[mvapich-discuss] Deadlock with CUDA and InfiniBand

Wed Sep 10 19:12:50 EDT 2014

Hello,

I have a somewhat obscure deadlock issue that only occurs under a specific set of circumstances.  The application I develop, PyFR (http://pyfr.org/), is written in Python and uses CUDA and MPI to run on GPU clusters (although we do not use any CUDA-aware-MPI functionality, all copying is marshaled by us).

When using either TCP, SHM, or a combination thereof as a transport layer no problems are observed.  Further, when running over IB with one-rank-per-node no problems are observed.  However, when running over IB with some ranks on the same node PyFR deadlocks.  The deadlocking can be avoided by setting: MV2_USE_RDMA_FAST_PATH=0.

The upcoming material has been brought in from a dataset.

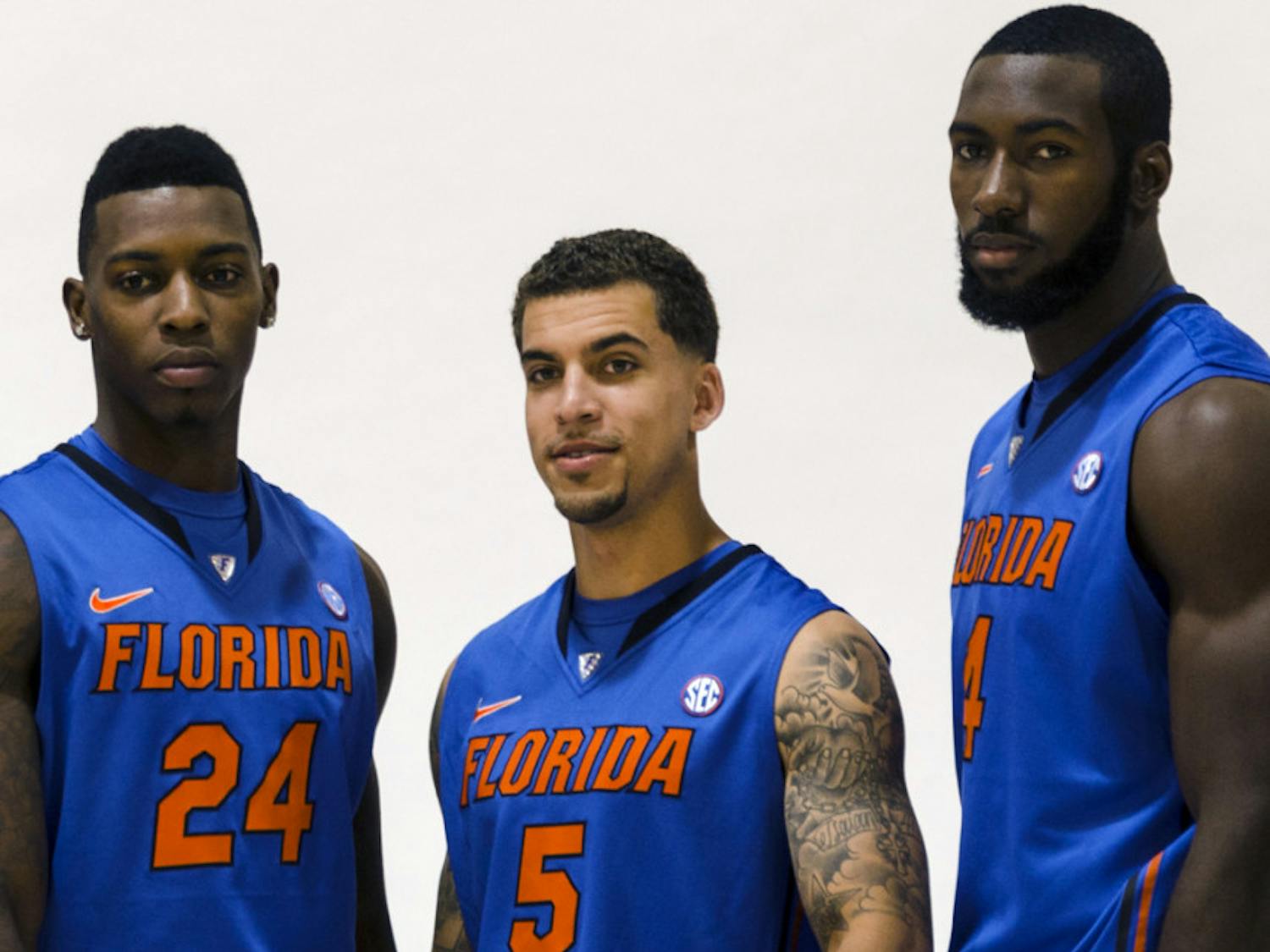 Scottie Wilbekin (center) poses for a photo with Casey Prather (left) and Patric Young (right) during Florida’s basketball media day on Oct. 9. Prather will miss Saturday's game, Wilbekin is questionable and Young will see limited minutes.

Interestingly, we observed a similar issue with Intel MPI a while back; specifically version 3 would deadlock when running over IB (but not TCP or SHM).  This was resolved by upgrading to version 4.  No issues have ever been observed when using Platform MPI.

Searching I have found the following mailing list posting describing a similar behaviour:

  http://mailman.cse.ohio-state.edu/pipermail/mvapich-discuss/2013-May/004435.html

which like PyFR appears to occur when combining CUDA and IB and can be resolved by setting MV2_USE_RDMA_FAST_PATH=0.

>From an API standpoint PyFR is relatively simple: all requests are persistent, point-to-point and non-blocking.  Unfortunately my attempts to produce a reduced test case have never got very far -- only the complete application is able to reliably produce deadlocks.

What is the best means of proceeding?

Regards, Freddie.